Median age at diagnosis of all patients was 61 years and the median tumor height and median largest basal diameter was 5.5 and 10.9 mm, respectively. Ciliary body involvement was present in 14 (10%) and extraocular tumor growth was detected in 2 (1.5%) patients. Monosomy 3 was identified in 61 (45%) tumors. The remaining 74 tumors showed either disomy 3 or partial monosomy 3 (Table S1).

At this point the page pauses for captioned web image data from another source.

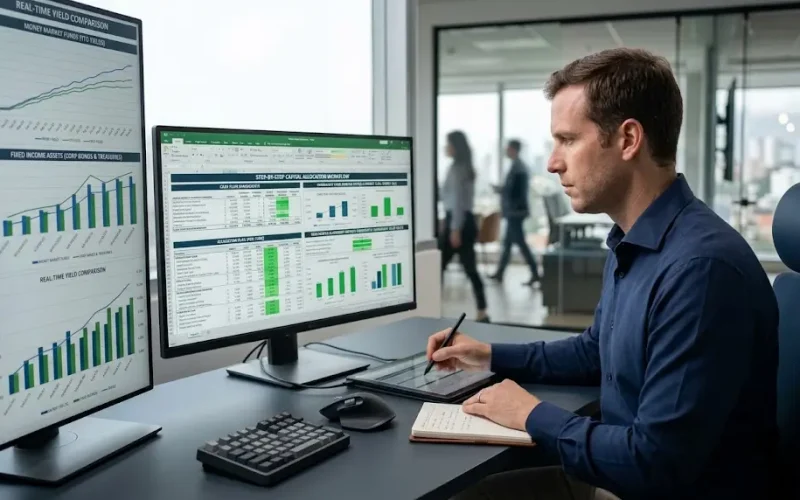 Guía técnica analítica de planificación financiera personal con gestión de fondos de emergencia y asignación de capitales.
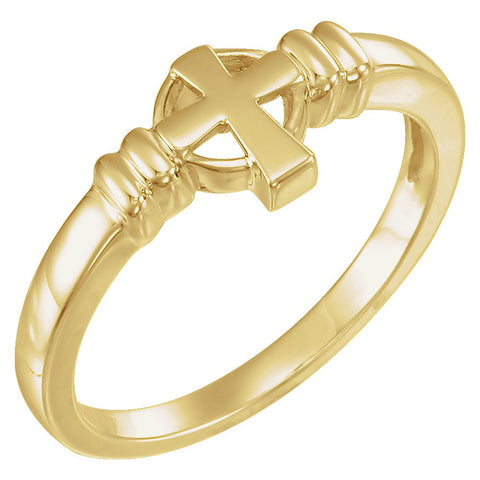 14k White Gold Cross Ring, Size 7 14k White Gold Cross Ring, Size 7
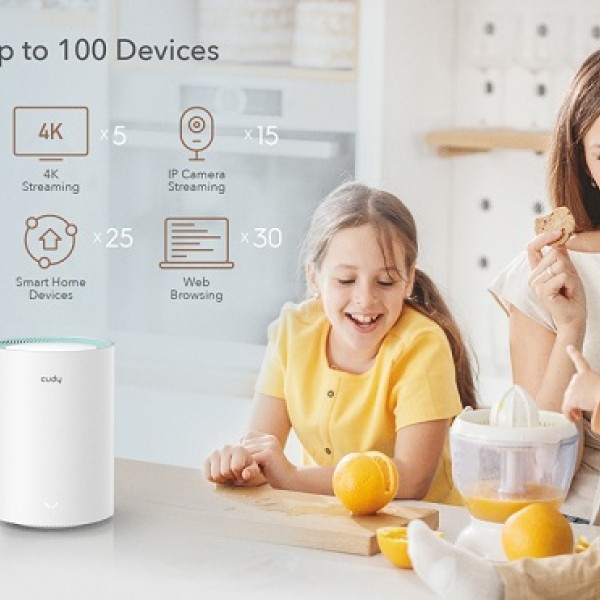 Cudy Ac1200 Dual Band Gigabit Wi-fi Mesh System (3 Pack)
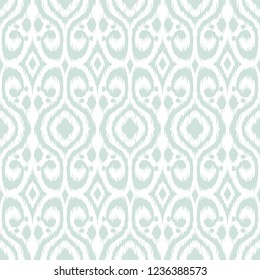 Ikat geometric folklore pattern. Ethnic folk ornament texture. Tribal mengikat textile. Aztec, Indian, Scandinavian, Gypsy or Mexican fabric.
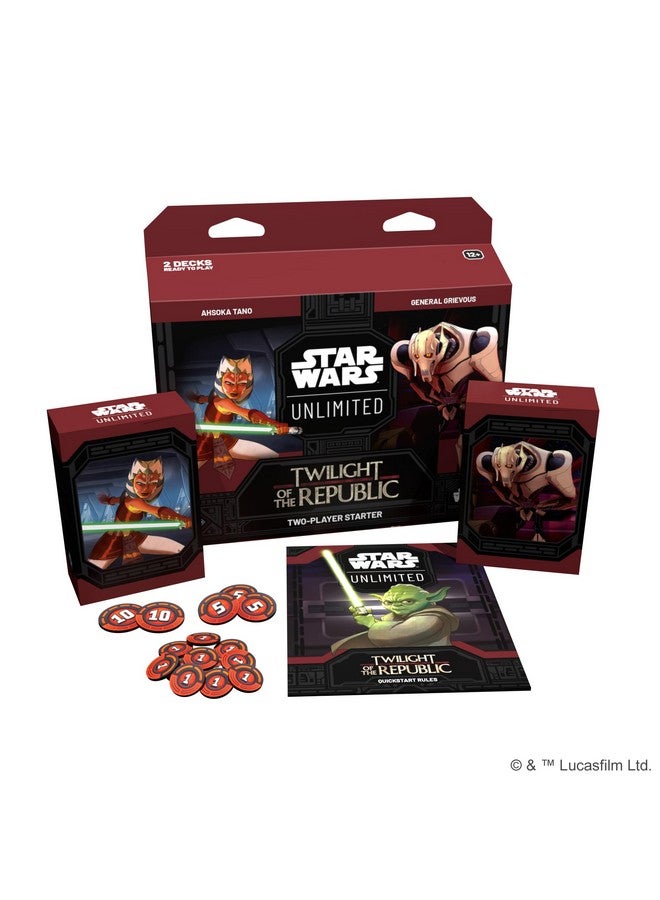 Fantasy Flight Games Fantasy Flight Games Star Wars: Unlimited TCG Twilight of The Republic Starter Set - Master The Clone Wars! Trading Card Game for Kids and Adults, Ages 12+, 2 Players, 20 Min Playtime, Made  - Image 2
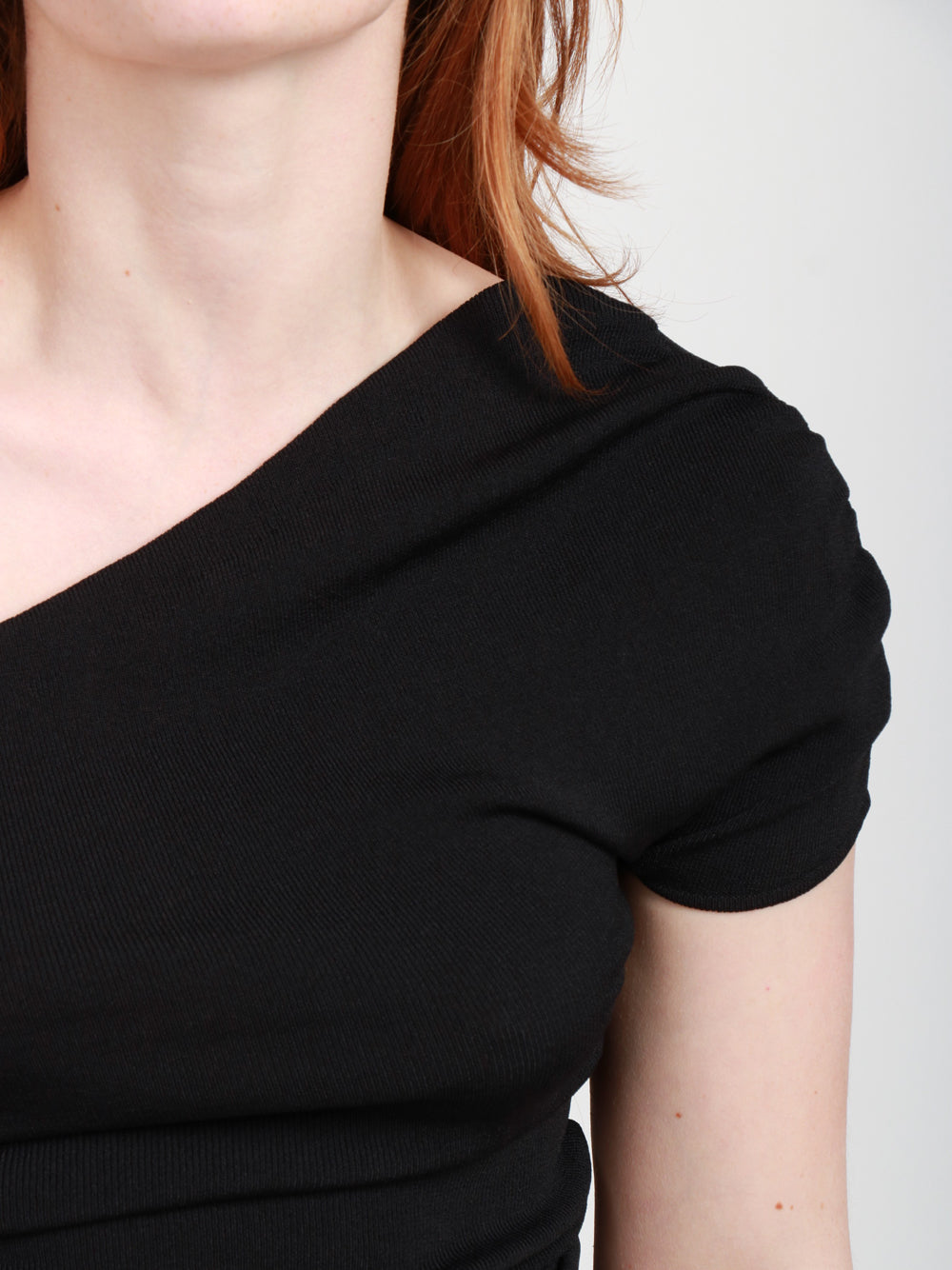 JUCCA Top Monospalla Nero Stretch Nero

The median follow‐up time was 46 months (range 8–64 months). During follow‐up, one patient presented with local extraocular tumor recurrence and another patient presented with local intraocular recurrence (Figure 2B). A total of 31 patients died by the end of the study and in 16 of these patients, including both patients with local recurrence, we were unable to obtain information on the cause of death or possible metastasis. The remaining 15 patients had metastases diagnosed clinically. Another four patients developed metastases but were still alive at the end of the study. In 18 of 19 patients who developed metastatic disease, the liver was the primary site of metastasis and in the remaining patient, metastases were first discovered in the bones.

FIGURE 2

VAFs of mutant GNAQ or GNA11 alleles in UM patients at different time points after the initial diagnosis of the primary tumor (Lower part). (A) Example of a metastatic patient who did not show an increase in ctDNA until the end of the study. (B) Two patients with intra‐ or extraocular recurrence. Red T: Time point of sampling of tumor tissue. Dotted line: level of detection at VAF = 0.1%. Upper part: location and time of clinical diagnosis of the recurrence (RAN403 after 6.8 months and RAN618 after 7 months). UM, uveal melanoma; VAF, variant allele fraction

Genetic analyses

Sanger sequencing of GNAQ/GNA11 in DNA from primary tumors revealed oncogenic mutations at either position Q209 or R183 in 135 patients (Table S1). From these 135 patients, 807 blood samples (range 2–9 blood samples per patient) were collected during the study period. The cell‐free DNA was isolated from all samples and analyzed for the presence of the GNAQ/GNA11 mutation, previously found in the matched primary tumor, by deep amplicon sequencing. This method allows the determination of the variant allele fraction (VAF) as a measure of the proportion of ctDNA in the total cfDNA. We considered a plasma sample ctDNA positive if the mutant GNAQ or GNA11 alleles showed a VAF >0.1%.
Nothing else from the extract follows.